I have a general architectural question about the advantage and disadvantage of EAR packaging in a Java EE application. I have a Java EE business application deployed in multiple server environments. The application consists of the following main modules:
- EJBs with business logic
- Web-UI
- REST API
Without consideration of the further details of the different modules currently I package these modules into an EAR to be deployed on a Application Server like GlassFish or WildFly:
my.ear
/
+- META-INF/
| |- application.xml
|- my_ejb_module.jar
|- my_web_module.war
|- my_restservice.war
As in these days WebService and Microservice architecture is discussed more and more often, I wonder if this kind of packaging is a little bit outdated?
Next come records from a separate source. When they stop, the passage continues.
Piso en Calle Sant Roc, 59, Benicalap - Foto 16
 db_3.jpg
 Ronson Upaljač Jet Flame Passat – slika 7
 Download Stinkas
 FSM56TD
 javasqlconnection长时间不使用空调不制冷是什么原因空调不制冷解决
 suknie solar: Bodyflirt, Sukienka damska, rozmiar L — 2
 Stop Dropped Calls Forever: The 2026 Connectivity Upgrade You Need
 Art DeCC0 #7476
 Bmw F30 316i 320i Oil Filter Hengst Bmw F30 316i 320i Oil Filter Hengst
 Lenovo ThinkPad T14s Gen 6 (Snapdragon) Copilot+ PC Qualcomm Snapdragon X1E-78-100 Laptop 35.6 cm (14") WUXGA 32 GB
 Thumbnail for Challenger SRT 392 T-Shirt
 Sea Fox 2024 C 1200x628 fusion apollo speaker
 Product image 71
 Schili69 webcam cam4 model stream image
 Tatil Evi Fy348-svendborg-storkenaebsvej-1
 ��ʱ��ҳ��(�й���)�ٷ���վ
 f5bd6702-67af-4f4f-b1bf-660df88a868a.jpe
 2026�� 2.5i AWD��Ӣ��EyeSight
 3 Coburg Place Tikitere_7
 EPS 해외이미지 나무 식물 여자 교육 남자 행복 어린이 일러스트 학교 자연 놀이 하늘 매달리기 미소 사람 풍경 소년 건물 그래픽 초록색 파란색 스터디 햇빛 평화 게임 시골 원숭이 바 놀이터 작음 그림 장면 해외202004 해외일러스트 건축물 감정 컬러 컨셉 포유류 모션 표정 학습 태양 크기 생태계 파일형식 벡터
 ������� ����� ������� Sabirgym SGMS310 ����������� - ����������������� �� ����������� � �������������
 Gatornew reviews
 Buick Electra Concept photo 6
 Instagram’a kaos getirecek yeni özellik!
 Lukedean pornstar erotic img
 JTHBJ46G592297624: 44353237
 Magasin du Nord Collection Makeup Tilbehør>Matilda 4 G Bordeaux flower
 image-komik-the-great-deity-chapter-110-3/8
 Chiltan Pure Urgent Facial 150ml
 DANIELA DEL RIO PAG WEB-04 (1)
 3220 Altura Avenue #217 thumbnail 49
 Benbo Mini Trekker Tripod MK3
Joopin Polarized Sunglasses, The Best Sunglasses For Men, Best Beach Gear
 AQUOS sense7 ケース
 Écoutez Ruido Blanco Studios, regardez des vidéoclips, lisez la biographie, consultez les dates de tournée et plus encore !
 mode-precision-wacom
As I started the project for several years, this packaging seems to be the best solution, because the EJB module containing the business logic is shared across both web modules.
But when I today look at self-contained microservices I wonder if it would't be better to split the application into two deployable web modules where each of them contains the EJB module:
web-ui.war
/
+- WEB-INF/lib
| |- my_ejb_module.jar
|- my_web_module.war
restservice.war
/
+- WEB-INF/lib
| |- my_ejb_module.jar
|- my_restservice.war
In this setup I would be able to deploy the REST API on a separate machine. So it looks like the approach has no disadvantage against the EAR packaging.
It this true? My question goes in the direction of transactions. Is there any advantage if two web modules sharing the same EJB module in an EAR packaging? Or did the second approach where both web modules contain the same EJB module provide the same functionality concerning transaction handling and concurrency? Especially when both Web modules are deployed on the same application server.
The only disadvantage I can see so far is, that my EJB module can not contain Java EE TimerServices or MessageDriven EJBs as these kinds of EJBs are not supported when deployed in a war module. But this would be acceptable in my case.